* **Instructions for the task**: Write out the entries below exactly, but only from the line containing "Macacão Bebê Menino Suedine M/Longa Gato" through the line containing "Custom Women's Contrast", and without the pictures.

====== Entries provided ======

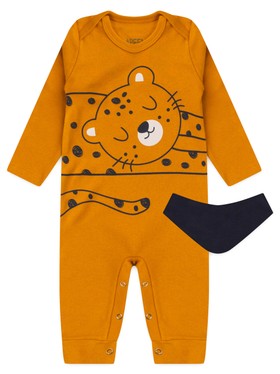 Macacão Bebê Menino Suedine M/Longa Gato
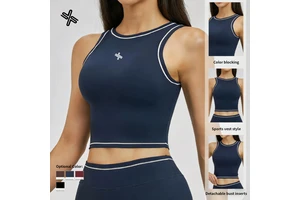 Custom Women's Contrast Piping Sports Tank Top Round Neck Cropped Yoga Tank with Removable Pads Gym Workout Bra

======
====== Entries provided ======

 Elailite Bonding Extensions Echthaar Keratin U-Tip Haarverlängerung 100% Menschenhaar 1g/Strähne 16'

======

* **Exercise solution**:
 Macacão Bebê Menino Suedine M/Longa Gato
 Custom Women's Contrast Piping Sports Tank Top Round Neck Cropped Yoga Tank with Removable Pads Gym Workout Bra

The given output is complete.